Data records:
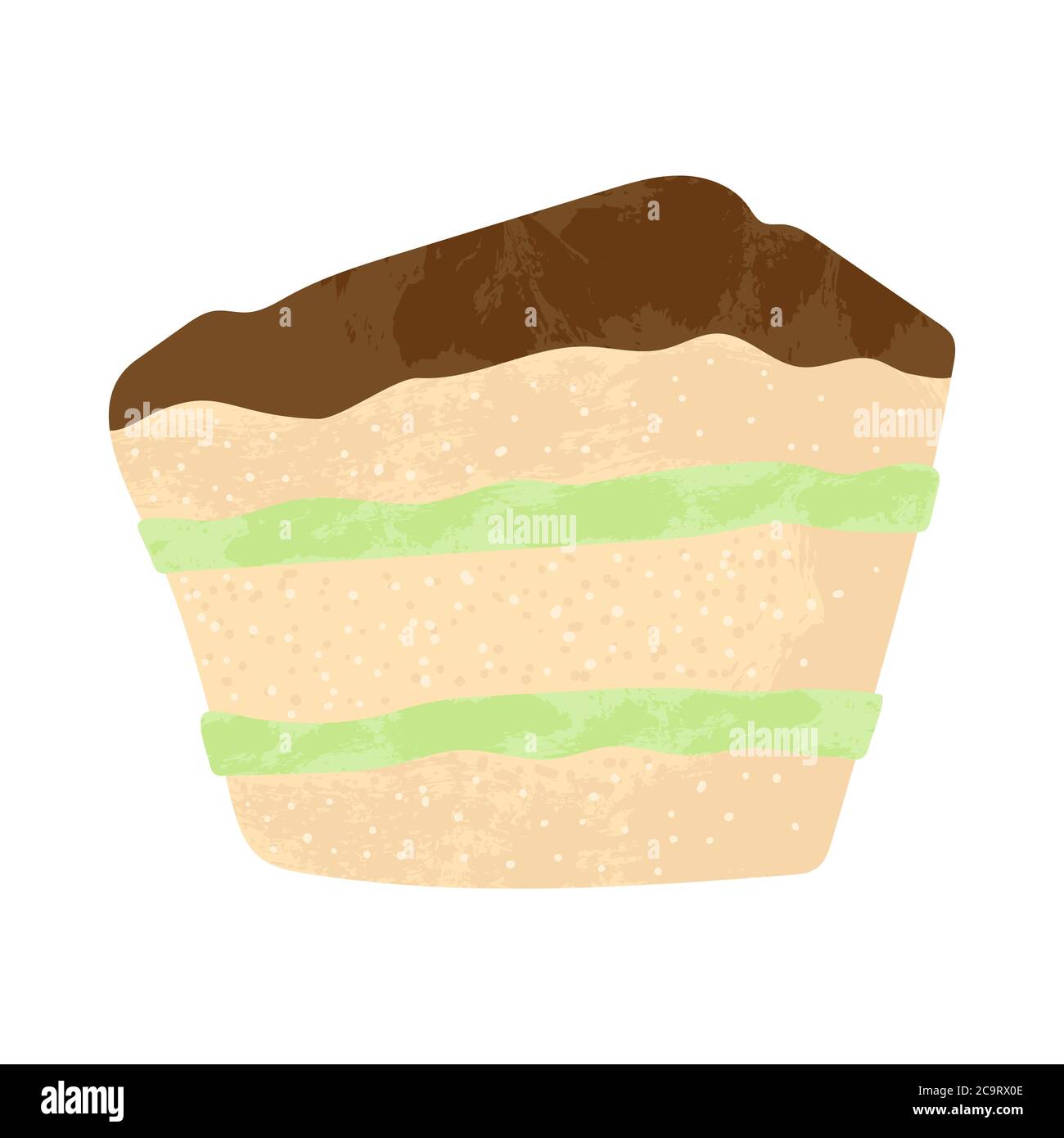 Gateau A La Creme Au Chocolat Et A La Vanille D Anniversaire Savoureux Cuire Illustrations De Dessins Animes A Plat Vectoriels De Delicieux Desserts Gateau Gourmand Au Sucre Slic Image Vectorielle Stock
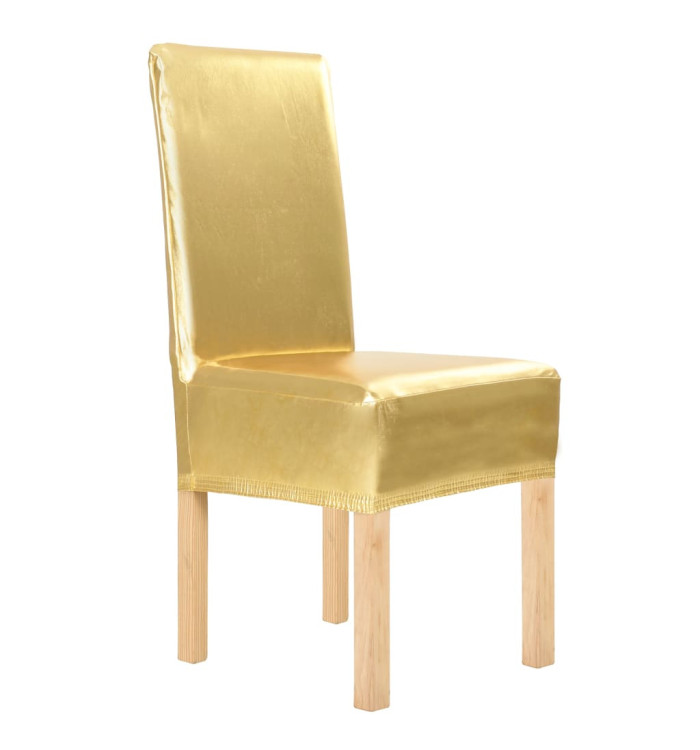 Housses extensibles de chaise droite 6 pcs Doré | Mobilier & Déco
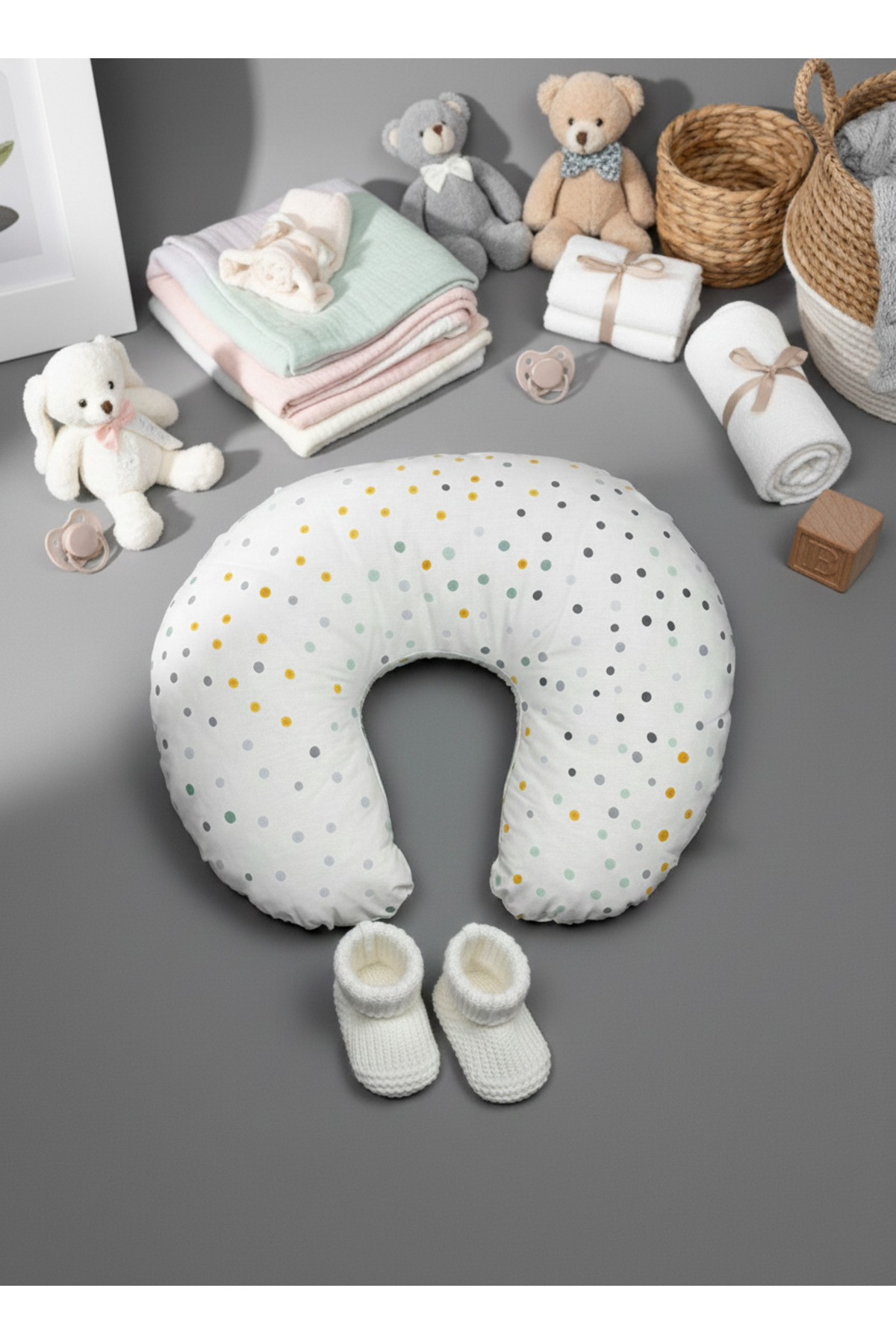 ngn collection Emzirme Yastığı, Yıkanabilir Fermuarlı Bebek Destek Minderi, Büyük Boy Pamuk Puantiye Hamile Destek fotoğrafı 4 (önizleme)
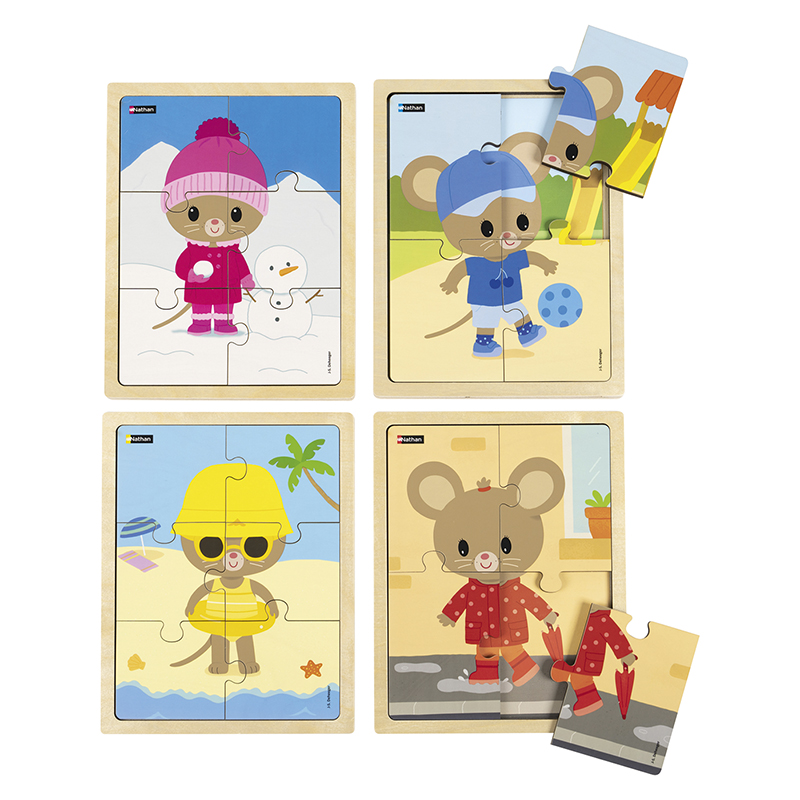 Puzzle bois -puzzles Kimi - les saisons -(4 et 6 p)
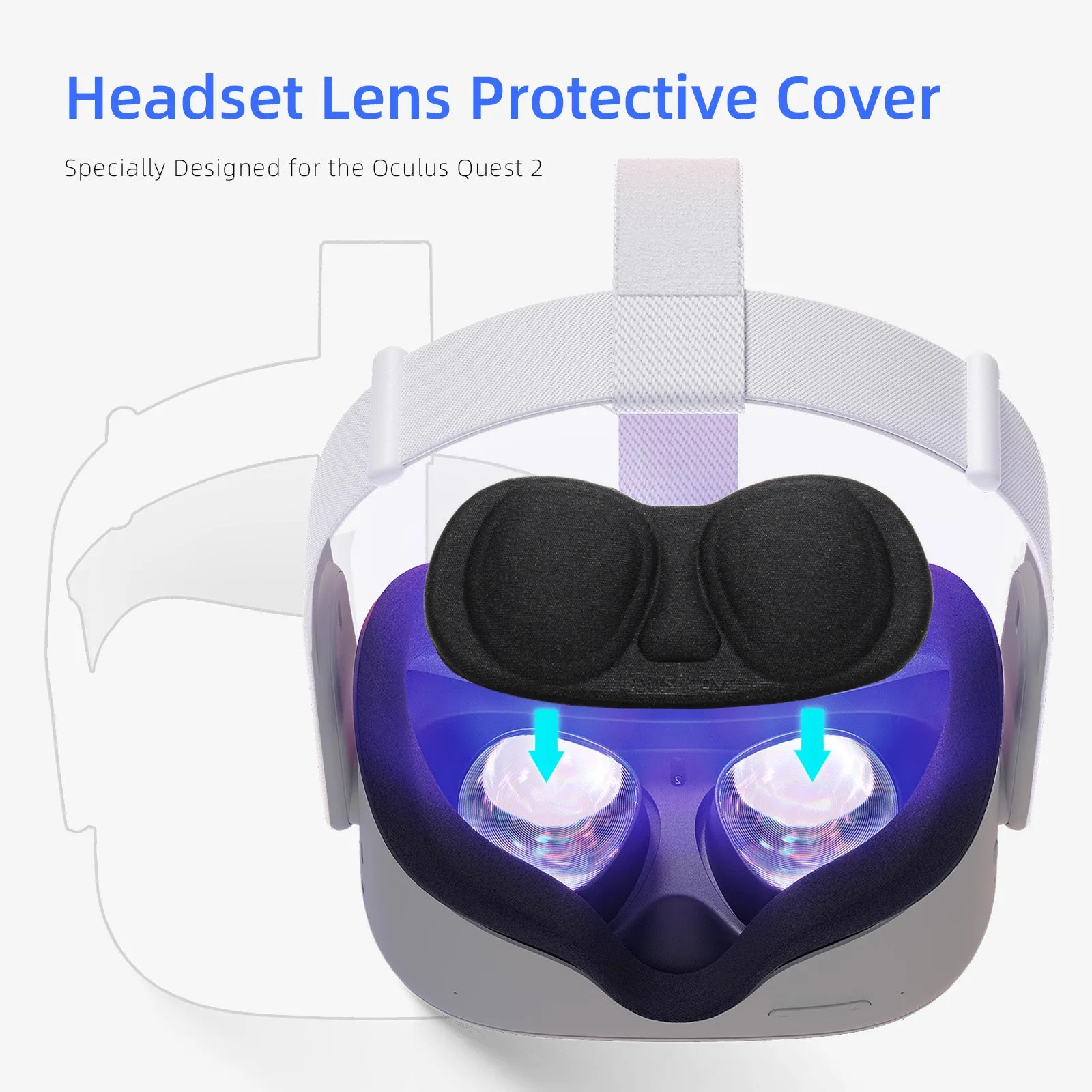 NexiGo Controller Grip Cover & Lens Cover Set for Oculus Quest 2 Black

What to do
Repeat the data above in full and exactly. Omit every image.

Response box
 Gateau A La Creme Au Chocolat Et A La Vanille D Anniversaire Savoureux Cuire Illustrations De Dessins Animes A Plat Vectoriels De Delicieux Desserts Gateau Gourmand Au Sucre Slic Image Vectorielle Stock
 Housses extensibles de chaise droite 6 pcs Doré | Mobilier & Déco
 ngn collection Emzirme Yastığı, Yıkanabilir Fermuarlı Bebek Destek Minderi, Büyük Boy Pamuk Puantiye Hamile Destek fotoğrafı 4 (önizleme)
 Puzzle bois -puzzles Kimi - les saisons -(4 et 6 p)
 NexiGo Controller Grip Cover & Lens Cover Set for Oculus Quest 2 Black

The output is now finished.